I’ve started having restaurant dreams again after being free of them for 25 years.
Anyone who’s ever waited tables knows these dreams. Your whole section is seated at once and you’ve lost your order pad and the tables have been rearranged so you don’t know how they’re numbered. Or you walk through the dining room and someone from every table you pass asks you for something — another round of drinks, a dessert menu, the check — and you think you’ll remember them but as they accumulate you realize you’ve forgotten them all. You go in the kitchen and there are dozens of plates ready but you have no idea where they go. You run to the basement for something — what? some mustard, a bottle of wine — and you never make it back to the dining room because you’ve taken the wrong stairs or the wrong hallway and you just keep trying and trying until you wake up. Everyone you pass wants something, the cooks, the customers, the manager, the other waiters. Everyone hates you. You’re running in circles, you have no idea what you’re doing. You’re crying in the bathroom.
I waited tables for a living through the better part of my twenties, mostly hated it, was never very good at it. But it was what you did, and sometimes it could be fun, certainly much more fun than sitting in an office. It paid MUCH better than retail and even back then when rent was cheap it was a struggle to pay the bills. We’d work till midnight, then drink martini after martini at the bar around the corner, usually for free or next to it because we knew the bartenders and we were all in this together, take turns disappearing into the bathroom to snort cocaine (our pockets were STUFFED with cash!), and find ourselves at dawn in someone’s apartment who we probably didn’t even know, clammy, grinding our teeth and waiting for the drug dealer to show up because as everyone knows you don’t stop snorting cocaine until there’s no. more. cocaine. Anywhere. Or I’d end up at St. Mark’s Baths at 4 a.m. and home by sunrise feeling downright virtuous.
Sorry. That was a tangent. But sometimes I think about my early twenties and wonder, “How am I even alive?”
So, the dreams.
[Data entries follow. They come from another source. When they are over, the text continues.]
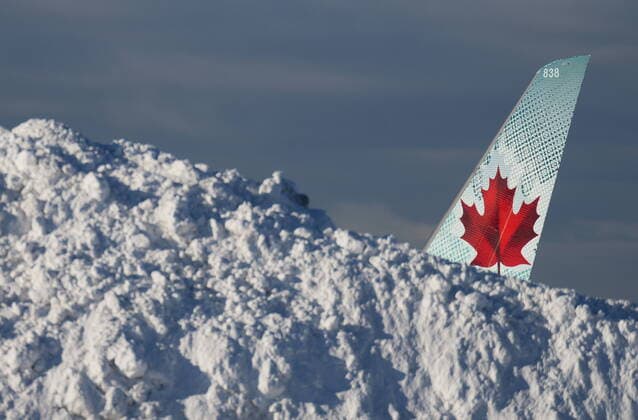 Bilder des Jahres 2022, News 12 Dezember News Themen der Woche KW51 December 21, 2022, RICHMOND, BC, CANADA: The tail of an Air Canada aircraft is seen behind a pile of snow at Vancouver International Airport in Richmond, B.C., Wednesday, Dec. 21, 2022. The airport is limiting international flights to carriers registered in Canada and the U.S. for two days as it attempts to clear a backlog of aircraft and passengers after a snowstorm caused massive disruptions this week. RICHMOND CANADA  - ZUMAc35_ 20221221_zaf_c35_027 Copyright: xDarrylxDyckx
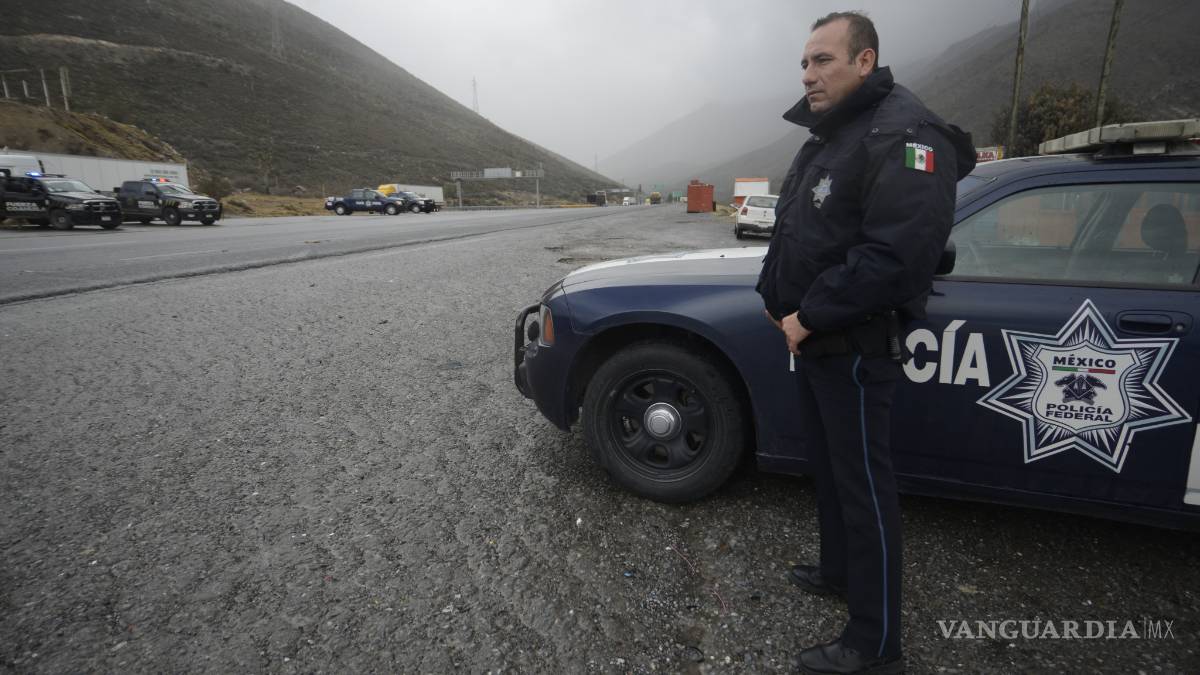 ‘Frenan’ a traileros en tramo de Los Chorros’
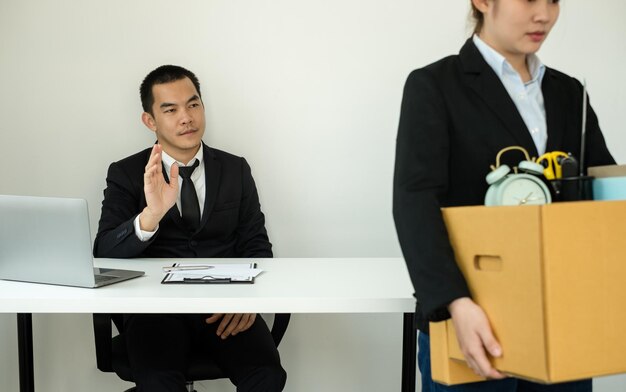 Jonge vrouw met een smartphone op tafel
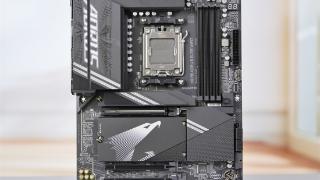 一键降低9ns延迟！技嘉小雕X870 AORUS ELITE WIFI7主板评测：合理堆料 售价仅2K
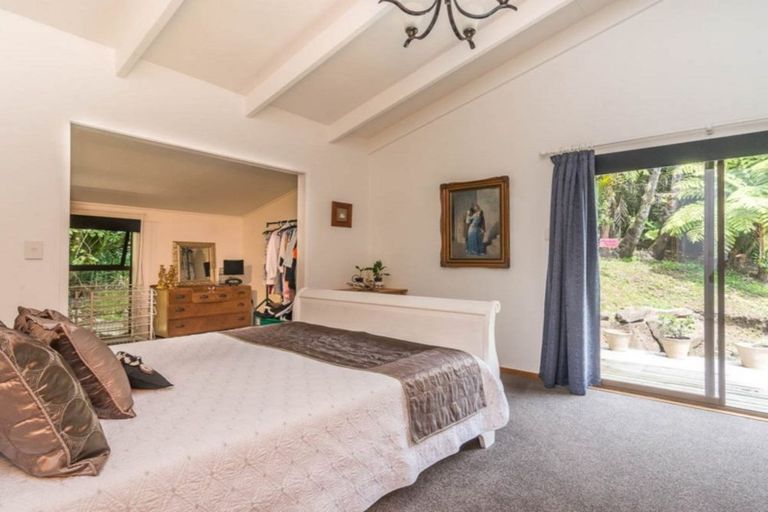 Photo of property in 215 Shaw Road, Titirangi, Auckland, 0604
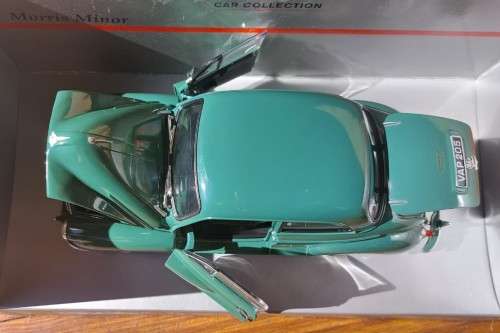 RARE MINICHAMPS LIMITED EDITION 1:18 MORRIS MINOR 2 DOOR 1959 DIE CAST CAR GREEN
I’ve started having them again. They continued for maybe 5 years after I left restaurant work for legal proofreading at 29, and, though I have my share of anxiety dreams they haven’t involved restaurants for a very long time. Until the last few weeks. Now I have them just about every night. Sometimes several times a night, in variations. I don’t sleep well or soundly, haven’t for years.
Life is, I don’t know, heightened lately. There’s my show headed for Broadway knock wood. My mother-in-law was recently diagnosed with cancer, and there’s no way to spin that any other way than bad. My father had a scare this week, not as serious, but he’s 85 and alone. Crazy good, crazy bad.
And now I’m having those dreams again that I’m waiting tables and failing, failing, failing.